Carciofi e carbonara, abbinata vincente
I carciofi sono uno dei simboli della cucina della Capitale: bastano i carciofi alla giudia e quelli alla romana per capirlo. In padella, però, cambiano registro: affettati sottili e saltati velocemente diventano un condimento serio per la pasta, perché:
- assorbono profumi e sapore del guanciale
- aggiungono consistenza senza appesantire
- bilanciano la spinta sapida del pecorino
In questa carbonara con carciofi, il vegetale non è un contorno, ma una seconda voce che fa squadra con i classici.
Il carciofo Moretto, perfetto per i primi piatti
Questa varietà di carciofo si riconosce per il colore scuro con venature vinaccia e la forma affusolata. È una varietà che si presta benissimo alle cotture rapide: in padella, tagliato fine, diventa morbido ma resta presente. È l’ideale quando cerchi un carciofo che non si perda nel condimento e che sappia stare in mezzo a ingredienti importanti come guanciale e pecorino.
Guanciale e pecorino: simboli della cucina romana
Qui non servono troppe spiegazioni: il guanciale è la parte che sfrigola e profuma, mentre il pecorino romano fa la chiusura secca e sapida tipica della cucina capitolina. Con il pepe nero macinato al momento, la base è quella giusta per chiamarla carbonara di carciofi senza esitazioni.
Carbonara di carciofi: si può fare senza uova?

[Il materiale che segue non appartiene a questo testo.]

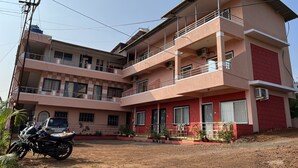Un edificio de varios pisos con balcones, unidades de aire acondicionado y una motocicleta estacionada al frente.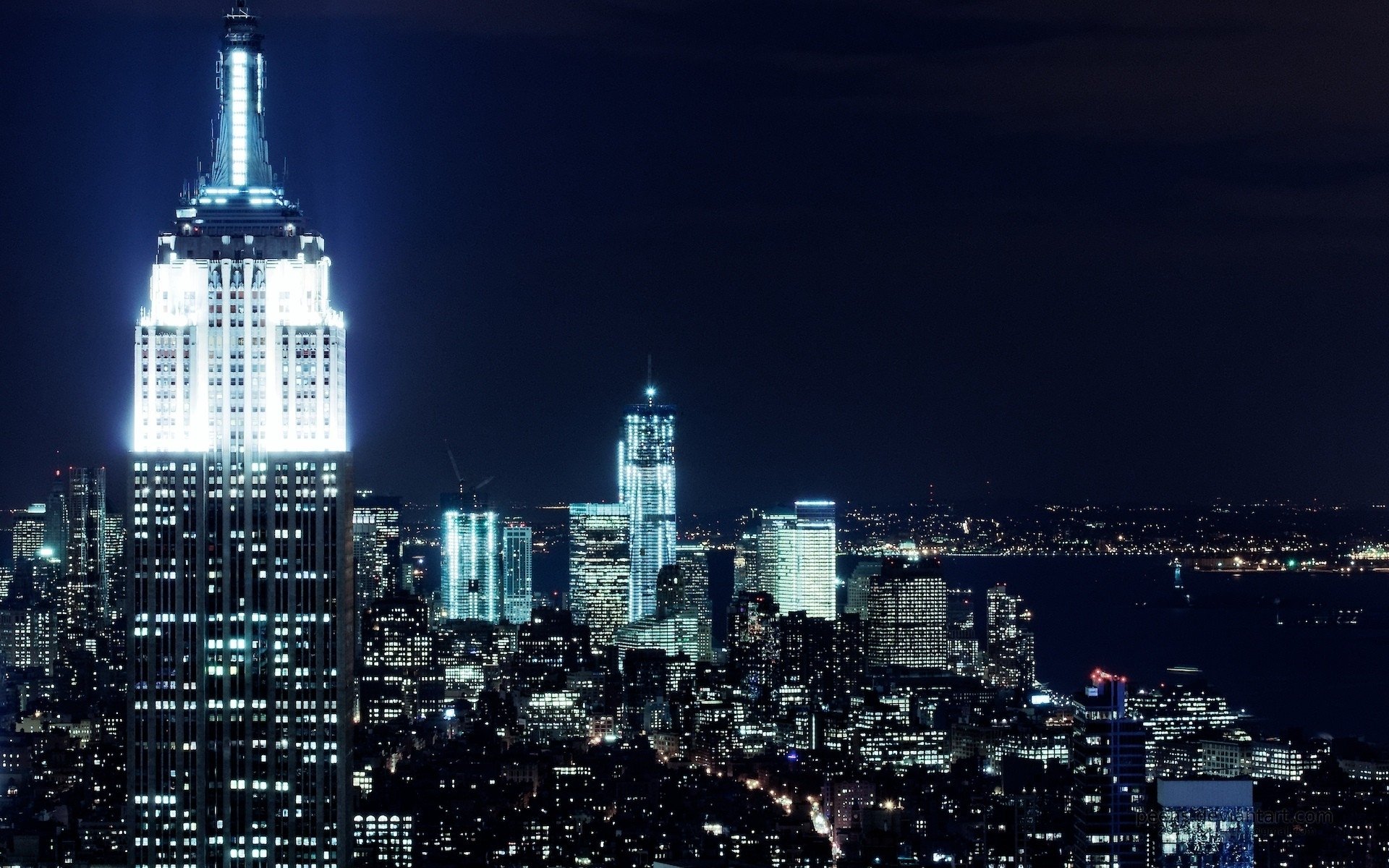 Nighttime view of the illuminated Empire State Building against the New York City skyline, captured in a high-definition desktop wallpaper.
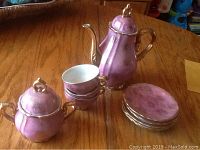 Full set including teapot, creamer, three cups, and six plates on wooden table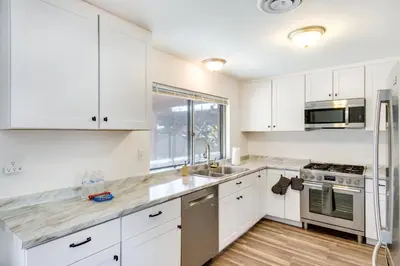 a kitchen with white cabinets and a sink at Quiet Ridgecrest Vacation Rental with Private Yard! in Ridgecrest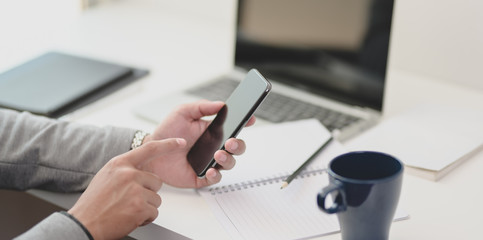 Close-up view of young businessman collecting informations for his project on his smartphone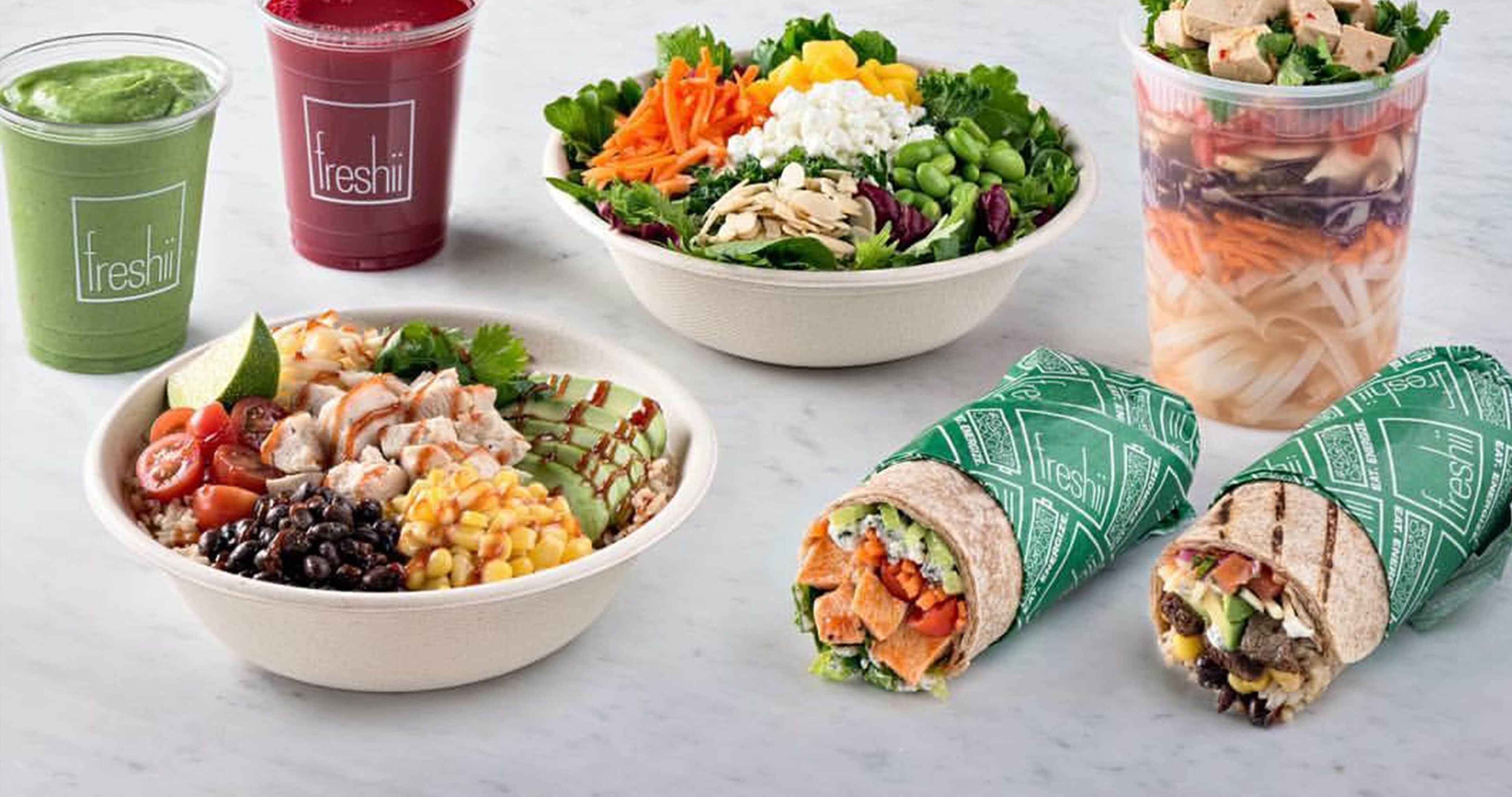 Forskellige friske salater, smoothies og wraps, der indikerer et fokus på sund mad.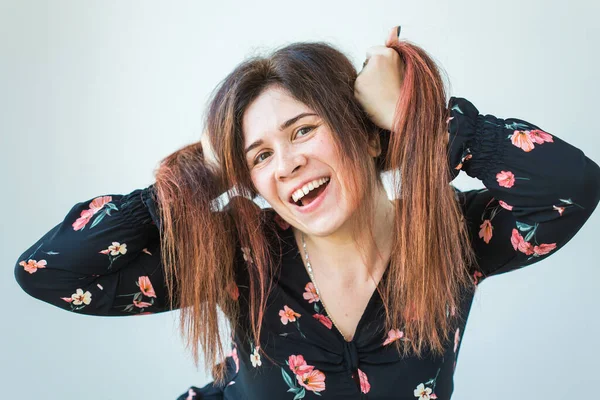 Playful and happy funny redhead woman having fun laughing on a white background.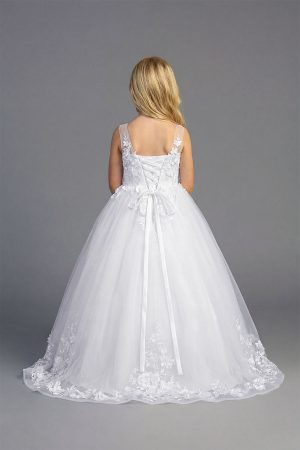 Young girl wearing a white sleeveless formal dress with floral appliqué bodice and full tulle skirt on a neutral background.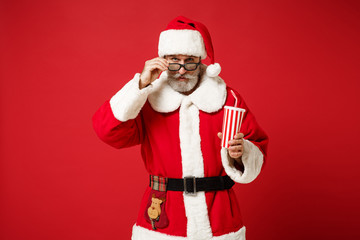 Fototapeta na wymiar Elderly gray-haired mustache bearded Santa man in Christmas hat 3d imax glasses isolated on red background. New Year 2020 celebration concept. Mock up copy space. Watching movie film hold cup of soda.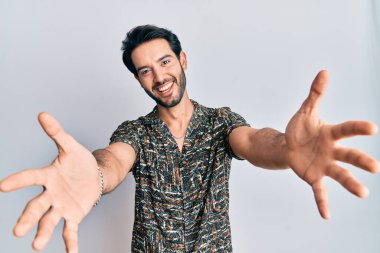 Zarif bir yaz gömleği giyen genç İspanyol adam kameraya bakıp sarılmak için kollarını açmış gülümsüyor. Mutluluğu kucaklayan neşeli bir ifade.. 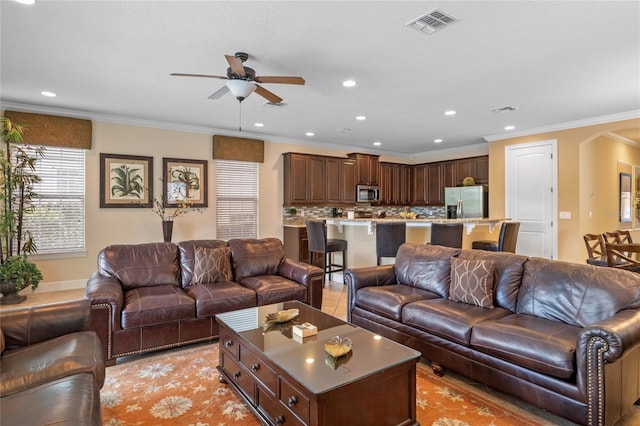 living room with ceiling fan and crown molding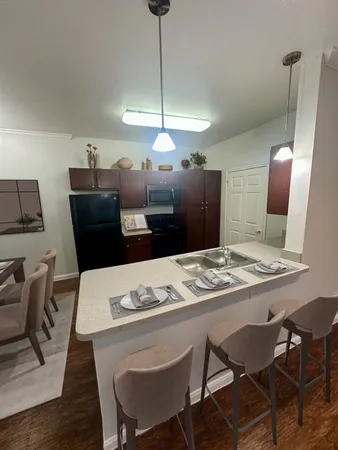 a view of a dining room with furniture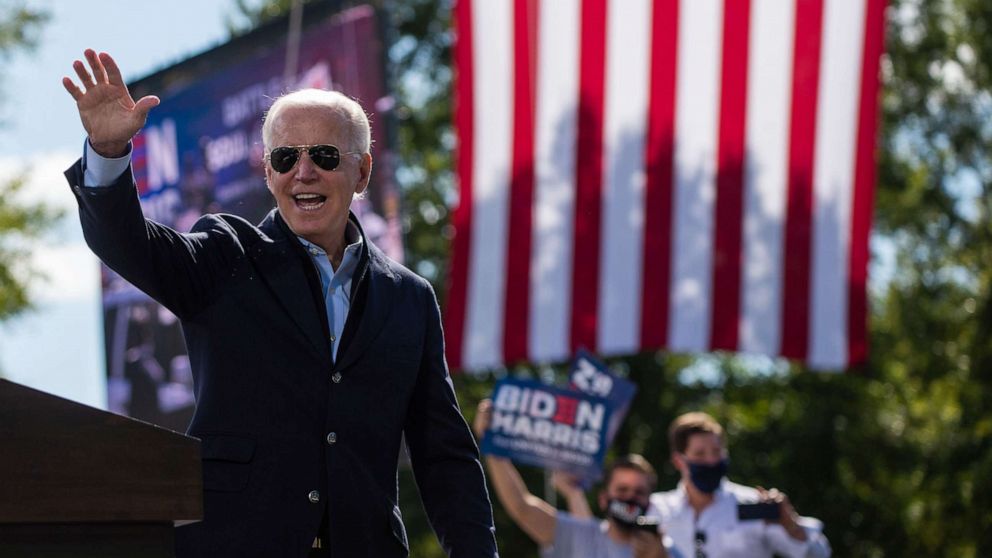 PHOTO: Democratic presidential nominee and former Vice President Joe Biden waves to sympathizers at the end of his speech at the Riverside High School in Durham, North Carolina during a campaign stop, Oct. 18, 2020.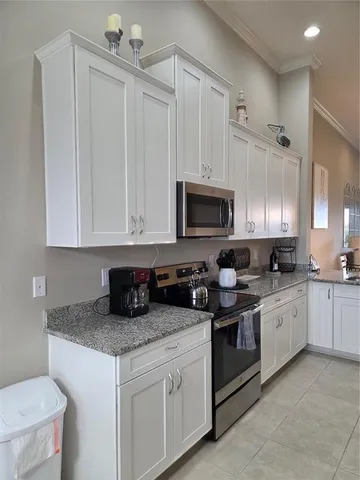a kitchen with white cabinets and appliances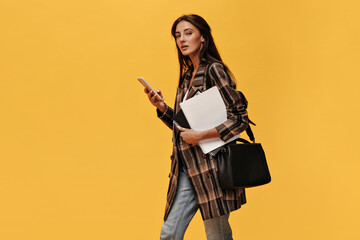 Young brunette woman in oversized jacket and jeans holds phone and white notebooks. Attractive girl with black bag poses on orange background.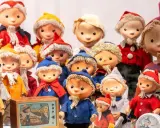 Eine Sammlung von Sandmann-Charakteren in bunten Kostümen, einige mit Bart und Mützen, stehen dicht gedrängt.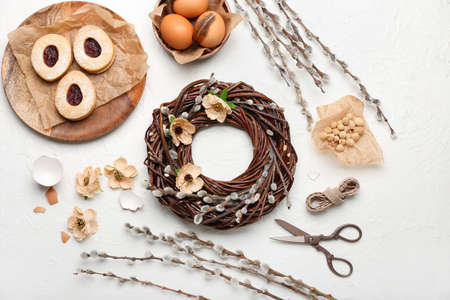 Composition with beautiful Easter wreath, pussy willow branches, eggs and cookies on light...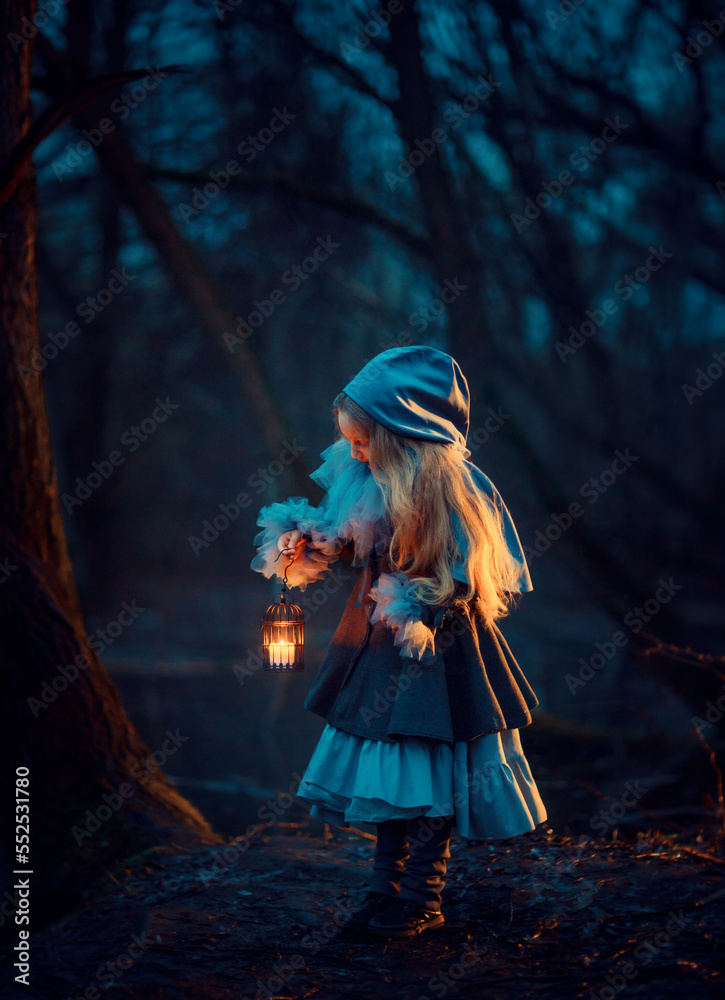 Girl with candle in the night forest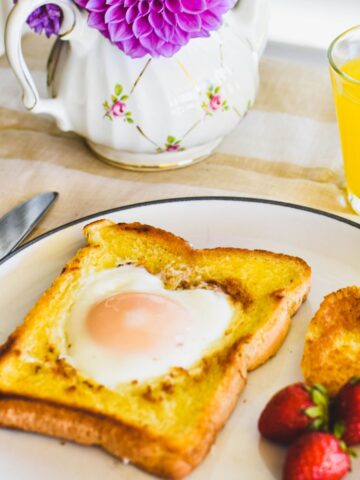 toad in a hole (egg cooked in hole in bread) on a plate.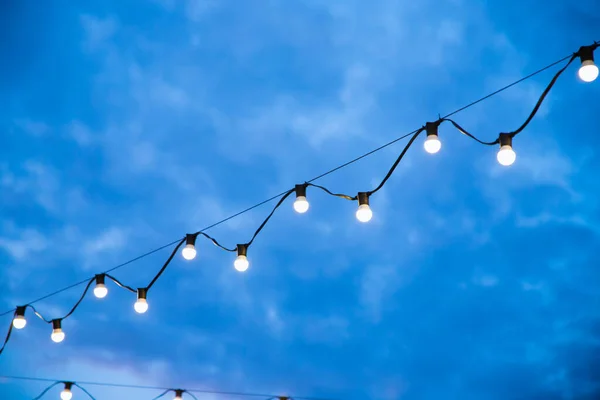 Street outside lighted retro light bulbs garland on night sky. String of light bulb decoration for outdoor activities, party, concert, festival, fun fair.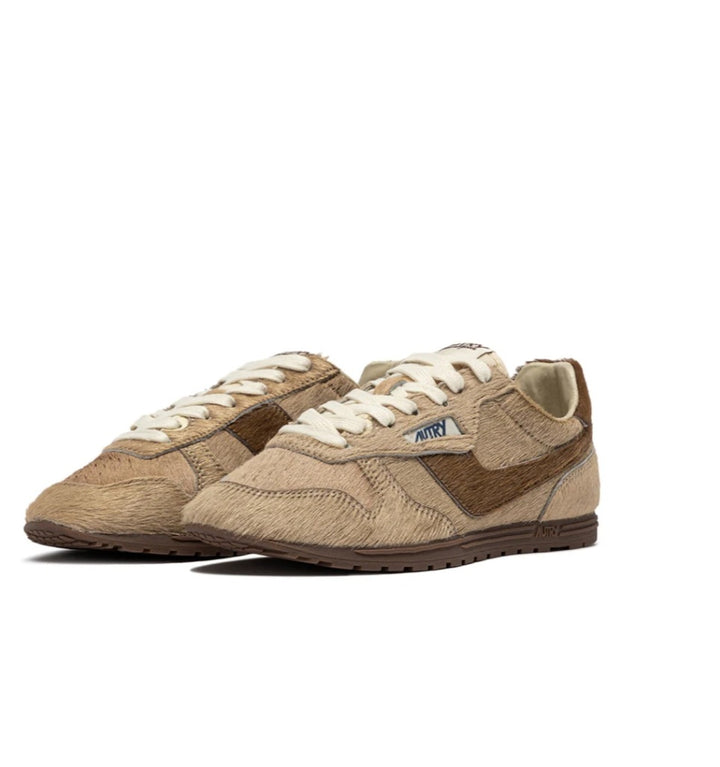 AUTRY WINDSPIN SNEAKERS IN PONY IVORY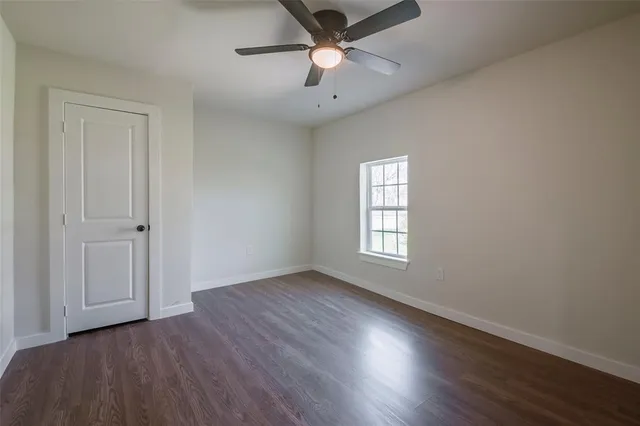 an empty room with wooden floor chandelier fan and windows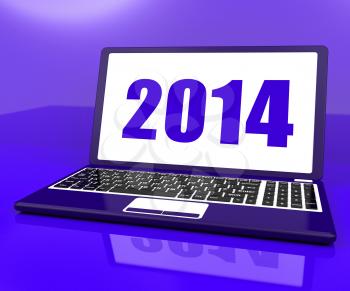 Two Thousand And Fourteen On Laptop Showing Year 2014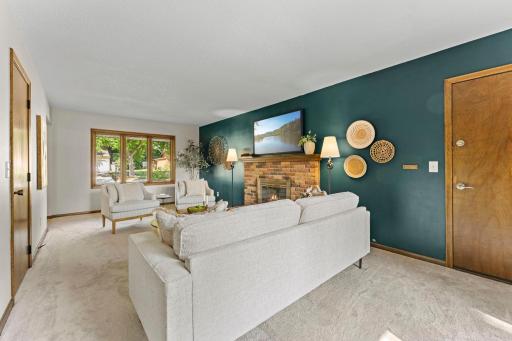 Yet another room filled with natural light with a large window on one side, and a patio door on the other.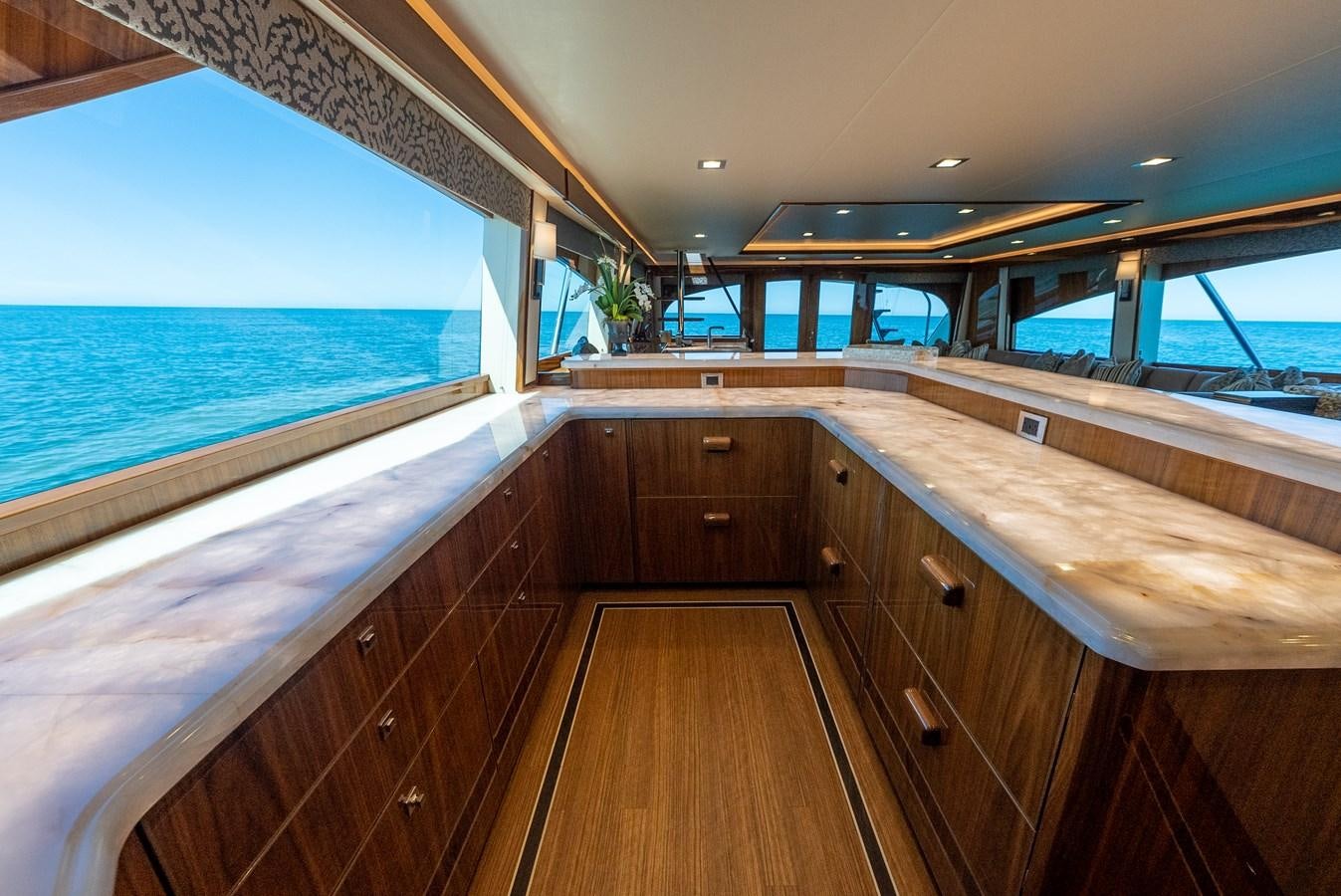 a long wooden kitchen with a large window and wood cabinets aboard ANOTHER DAY IN PARADISE Yacht for Sale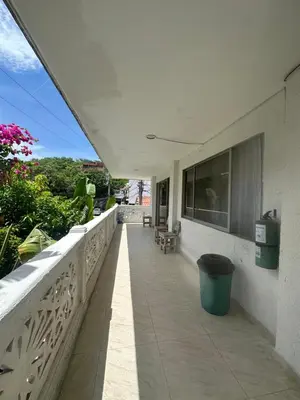 a balcony of a white building with a trash can at Casona La Española in Cartagena de Indias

Sì, questa carbonara di carciofi funziona benissimo anche senza uova: la cremosità si ottiene con una buona mantecatura di pecorino romano e un po’ di acqua di cottura, che lega il condimento e lo rende vellutato. È una carbonara più leggera e immediata, perfetta quando vuoi lo stesso profilo di sapore della ricetta tradizionale (guanciale, pecorino, pepe) ma con un twist vegetale e di stagione.
Se vuoi aggiungere i tuorli
Se preferisci una carbonara con carciofi più vicina alla tradizione, puoi inserire i tuorli a fine cottura:
- mescola in una ciotola 3 tuorli con 60–70 g di pecorino romano e abbondante pepe;
- quando la pasta è in padella con carciofi e guanciale, spegni il fuoco
- aggiungi la crema di tuorli e manteca energicamente con 1–2 cucchiai di acqua di cottura fino a ottenere una salsa liscia (senza far rapprendere l’uovo).